Search code examples
rcsvhadoophdfssparkr

importing csv file in rstudio from hdfs using sparkR


i have stored .csv file on Hadoop HDFS,

hadoop dfs -ls /afs
DEPRECATED: Use of this script to execute hdfs command is deprecated.
Instead use the hdfs command for it.

17/01/12 15:15:49 WARN util.NativeCodeLoader: Unable to load native-hadoop library for your platform... using builtin-java classes where applicable
Found 1 item
-rw-r--r--   2 hduser supergroup  203572404 2017-01-10 12:04 /afs/Accounts.csv

i want to import this file to rstudio using SparkR.

i tried following command:

sc<-sparkR.session(master = "spark://MasterNode:7077",appName = "SparkR",sparkHome = "/opt/spark")
sContext<- sparkRSQL.init(sc)
library(data.table)
library(dplyr)

df<- read.df(sContext, "hdfs://MasterNode:54310/afs/Accounts.csv")

following error occurred:

> df<- read.df(sContext, "hdfs://MasterNode:54310/afs/Accounts.csv")
Error in handleErrors(returnStatus, conn) : 
  No status is returned.
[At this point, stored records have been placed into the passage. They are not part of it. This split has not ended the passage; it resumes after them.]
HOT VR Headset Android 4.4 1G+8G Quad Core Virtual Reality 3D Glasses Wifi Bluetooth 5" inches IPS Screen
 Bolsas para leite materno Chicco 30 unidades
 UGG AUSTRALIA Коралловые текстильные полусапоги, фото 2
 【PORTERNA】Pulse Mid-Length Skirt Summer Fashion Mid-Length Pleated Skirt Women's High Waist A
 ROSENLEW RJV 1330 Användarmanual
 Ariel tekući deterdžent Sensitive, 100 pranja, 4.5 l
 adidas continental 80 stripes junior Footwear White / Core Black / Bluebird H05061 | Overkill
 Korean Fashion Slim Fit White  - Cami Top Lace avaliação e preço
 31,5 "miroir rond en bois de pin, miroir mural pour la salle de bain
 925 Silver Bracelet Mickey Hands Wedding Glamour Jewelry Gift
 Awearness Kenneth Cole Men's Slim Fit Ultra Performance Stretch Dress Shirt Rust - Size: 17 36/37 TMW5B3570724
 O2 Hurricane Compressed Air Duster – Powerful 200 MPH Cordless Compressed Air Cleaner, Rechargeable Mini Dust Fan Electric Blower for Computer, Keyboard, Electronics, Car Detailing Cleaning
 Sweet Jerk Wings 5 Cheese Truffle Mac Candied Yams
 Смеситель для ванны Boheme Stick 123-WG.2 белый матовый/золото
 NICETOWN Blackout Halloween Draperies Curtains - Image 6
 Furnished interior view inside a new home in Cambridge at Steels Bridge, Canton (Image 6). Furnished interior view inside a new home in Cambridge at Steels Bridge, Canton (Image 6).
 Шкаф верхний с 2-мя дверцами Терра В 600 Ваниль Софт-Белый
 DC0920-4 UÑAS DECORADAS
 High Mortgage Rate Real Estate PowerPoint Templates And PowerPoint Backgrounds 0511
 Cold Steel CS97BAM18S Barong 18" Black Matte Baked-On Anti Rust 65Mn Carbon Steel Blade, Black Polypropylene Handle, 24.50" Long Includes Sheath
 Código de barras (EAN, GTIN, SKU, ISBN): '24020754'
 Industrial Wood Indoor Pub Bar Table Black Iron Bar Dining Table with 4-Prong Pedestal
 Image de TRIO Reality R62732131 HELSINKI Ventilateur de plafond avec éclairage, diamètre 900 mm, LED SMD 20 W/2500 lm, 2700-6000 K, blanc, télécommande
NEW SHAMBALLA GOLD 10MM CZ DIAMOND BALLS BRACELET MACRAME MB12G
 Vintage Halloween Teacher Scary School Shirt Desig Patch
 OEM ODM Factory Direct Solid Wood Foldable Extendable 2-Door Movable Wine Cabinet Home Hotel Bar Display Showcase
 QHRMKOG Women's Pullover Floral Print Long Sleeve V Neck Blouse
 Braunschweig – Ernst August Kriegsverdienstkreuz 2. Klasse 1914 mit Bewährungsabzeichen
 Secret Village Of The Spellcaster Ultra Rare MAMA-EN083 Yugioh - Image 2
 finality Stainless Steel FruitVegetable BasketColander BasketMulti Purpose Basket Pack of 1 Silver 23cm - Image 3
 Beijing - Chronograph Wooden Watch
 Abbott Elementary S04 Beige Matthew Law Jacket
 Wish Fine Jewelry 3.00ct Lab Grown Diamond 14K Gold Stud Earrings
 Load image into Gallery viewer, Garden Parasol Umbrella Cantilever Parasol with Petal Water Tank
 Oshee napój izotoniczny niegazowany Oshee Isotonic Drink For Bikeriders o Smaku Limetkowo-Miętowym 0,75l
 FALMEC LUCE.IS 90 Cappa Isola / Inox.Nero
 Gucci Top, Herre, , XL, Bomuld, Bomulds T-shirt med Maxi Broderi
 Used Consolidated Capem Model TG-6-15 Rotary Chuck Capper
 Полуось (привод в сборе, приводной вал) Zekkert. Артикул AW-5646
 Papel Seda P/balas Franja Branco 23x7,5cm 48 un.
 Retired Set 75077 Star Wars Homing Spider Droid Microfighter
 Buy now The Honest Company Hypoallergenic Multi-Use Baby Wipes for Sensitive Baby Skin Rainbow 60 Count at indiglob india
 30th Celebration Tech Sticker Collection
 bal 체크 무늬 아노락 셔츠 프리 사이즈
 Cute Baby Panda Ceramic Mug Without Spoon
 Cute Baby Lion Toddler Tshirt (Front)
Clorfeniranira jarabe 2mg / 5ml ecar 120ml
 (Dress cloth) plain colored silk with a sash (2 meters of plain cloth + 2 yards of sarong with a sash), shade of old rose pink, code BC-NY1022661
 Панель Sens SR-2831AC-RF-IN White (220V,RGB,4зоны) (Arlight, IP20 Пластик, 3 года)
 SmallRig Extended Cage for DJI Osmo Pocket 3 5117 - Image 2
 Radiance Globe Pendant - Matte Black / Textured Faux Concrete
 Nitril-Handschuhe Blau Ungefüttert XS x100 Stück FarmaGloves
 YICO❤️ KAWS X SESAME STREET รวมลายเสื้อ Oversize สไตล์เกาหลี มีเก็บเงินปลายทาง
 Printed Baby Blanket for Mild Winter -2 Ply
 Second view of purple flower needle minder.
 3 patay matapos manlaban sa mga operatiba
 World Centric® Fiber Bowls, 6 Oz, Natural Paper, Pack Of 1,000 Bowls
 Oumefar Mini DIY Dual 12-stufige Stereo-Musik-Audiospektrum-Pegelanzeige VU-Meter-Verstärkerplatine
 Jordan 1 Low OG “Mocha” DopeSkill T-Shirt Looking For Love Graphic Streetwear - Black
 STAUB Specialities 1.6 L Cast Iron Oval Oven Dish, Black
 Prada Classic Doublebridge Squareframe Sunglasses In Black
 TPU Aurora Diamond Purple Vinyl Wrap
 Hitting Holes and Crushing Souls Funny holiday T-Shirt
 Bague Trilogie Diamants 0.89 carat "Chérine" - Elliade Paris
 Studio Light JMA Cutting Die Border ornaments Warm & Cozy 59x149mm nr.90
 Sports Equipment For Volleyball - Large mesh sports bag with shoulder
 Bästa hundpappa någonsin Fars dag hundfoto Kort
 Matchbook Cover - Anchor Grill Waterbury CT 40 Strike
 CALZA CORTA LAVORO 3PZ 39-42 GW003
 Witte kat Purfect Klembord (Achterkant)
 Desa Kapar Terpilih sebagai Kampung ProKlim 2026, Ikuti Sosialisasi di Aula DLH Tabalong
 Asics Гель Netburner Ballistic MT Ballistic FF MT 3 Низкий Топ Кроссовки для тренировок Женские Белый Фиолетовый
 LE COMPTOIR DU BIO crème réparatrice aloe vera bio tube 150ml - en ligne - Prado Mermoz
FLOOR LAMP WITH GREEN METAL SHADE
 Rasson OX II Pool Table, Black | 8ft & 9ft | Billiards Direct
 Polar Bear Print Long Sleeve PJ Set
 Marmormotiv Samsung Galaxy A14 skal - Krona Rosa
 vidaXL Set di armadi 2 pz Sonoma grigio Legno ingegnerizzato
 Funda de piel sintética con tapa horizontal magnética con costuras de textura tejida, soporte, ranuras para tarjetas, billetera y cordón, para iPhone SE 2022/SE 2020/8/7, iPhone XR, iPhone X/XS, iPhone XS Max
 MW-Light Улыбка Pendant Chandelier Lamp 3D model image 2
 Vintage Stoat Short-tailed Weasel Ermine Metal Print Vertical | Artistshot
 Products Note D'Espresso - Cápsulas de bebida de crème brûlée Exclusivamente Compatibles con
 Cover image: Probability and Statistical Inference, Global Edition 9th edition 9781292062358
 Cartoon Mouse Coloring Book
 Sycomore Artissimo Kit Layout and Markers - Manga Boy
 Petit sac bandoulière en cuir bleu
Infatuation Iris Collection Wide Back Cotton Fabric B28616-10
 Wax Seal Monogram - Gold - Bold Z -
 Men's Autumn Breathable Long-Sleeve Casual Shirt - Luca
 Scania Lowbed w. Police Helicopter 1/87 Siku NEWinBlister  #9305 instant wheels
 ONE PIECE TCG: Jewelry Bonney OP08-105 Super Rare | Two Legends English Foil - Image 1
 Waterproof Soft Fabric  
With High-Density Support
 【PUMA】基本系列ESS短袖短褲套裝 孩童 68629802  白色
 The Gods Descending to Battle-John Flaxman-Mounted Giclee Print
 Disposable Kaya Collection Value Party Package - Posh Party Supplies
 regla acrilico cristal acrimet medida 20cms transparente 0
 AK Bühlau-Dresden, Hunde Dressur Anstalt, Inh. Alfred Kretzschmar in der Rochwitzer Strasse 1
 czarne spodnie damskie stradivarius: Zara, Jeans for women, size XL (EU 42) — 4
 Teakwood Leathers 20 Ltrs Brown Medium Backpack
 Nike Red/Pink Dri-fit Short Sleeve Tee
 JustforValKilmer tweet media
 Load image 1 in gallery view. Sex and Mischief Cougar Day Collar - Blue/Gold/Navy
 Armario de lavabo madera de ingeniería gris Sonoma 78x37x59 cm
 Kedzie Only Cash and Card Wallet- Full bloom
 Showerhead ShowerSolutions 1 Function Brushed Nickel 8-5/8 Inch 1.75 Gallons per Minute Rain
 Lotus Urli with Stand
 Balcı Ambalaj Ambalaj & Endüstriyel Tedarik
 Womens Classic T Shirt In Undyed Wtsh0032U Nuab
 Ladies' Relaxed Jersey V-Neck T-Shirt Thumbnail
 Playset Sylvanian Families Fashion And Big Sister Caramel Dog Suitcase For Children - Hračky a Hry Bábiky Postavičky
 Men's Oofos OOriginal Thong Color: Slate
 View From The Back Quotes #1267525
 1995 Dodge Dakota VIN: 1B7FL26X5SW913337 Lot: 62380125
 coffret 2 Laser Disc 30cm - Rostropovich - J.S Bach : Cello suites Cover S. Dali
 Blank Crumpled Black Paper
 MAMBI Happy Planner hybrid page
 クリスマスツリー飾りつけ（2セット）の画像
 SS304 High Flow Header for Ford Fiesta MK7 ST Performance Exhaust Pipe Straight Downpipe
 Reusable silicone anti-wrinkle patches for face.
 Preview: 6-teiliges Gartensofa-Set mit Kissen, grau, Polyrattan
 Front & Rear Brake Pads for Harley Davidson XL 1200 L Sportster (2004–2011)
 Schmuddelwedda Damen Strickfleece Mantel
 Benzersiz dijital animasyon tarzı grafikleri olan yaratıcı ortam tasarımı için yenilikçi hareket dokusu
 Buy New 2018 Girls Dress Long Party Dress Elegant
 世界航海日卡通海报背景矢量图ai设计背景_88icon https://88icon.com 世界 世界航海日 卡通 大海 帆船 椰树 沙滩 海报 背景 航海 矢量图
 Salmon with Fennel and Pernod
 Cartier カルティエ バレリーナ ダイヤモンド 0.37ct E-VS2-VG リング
Java SparkR backend might have failed.
In addition: Warning message:
In writeBin(requestMessage, conn) : problem writing to connection

please help me to import Accounts.csv file into rstudio using SparkR.


Solution

  • You can use the fread function of the data.table library to read from HDFS. You'd have to specify the path of the hdfs executable in your system. For instance, assuming that the path to hdfs is /usr/bin/hdfs, you can try something like this:

    your_table <- fread("/usr/bin/hdfs dfs -text /afs/Accounts.csv")
    

    If your "Accounts.csv" is a directory, you can use a wildcard as well /afs/Accounts.csv/* You can also specify the column classes. For instance:

    your_table <- fread("/usr/bin/hdfs dfs -text /afs/Accounts.csv", fill = TRUE, header = TRUE, 
    colClasses = c("numeric", "character", ...))
    

    I hope this helps.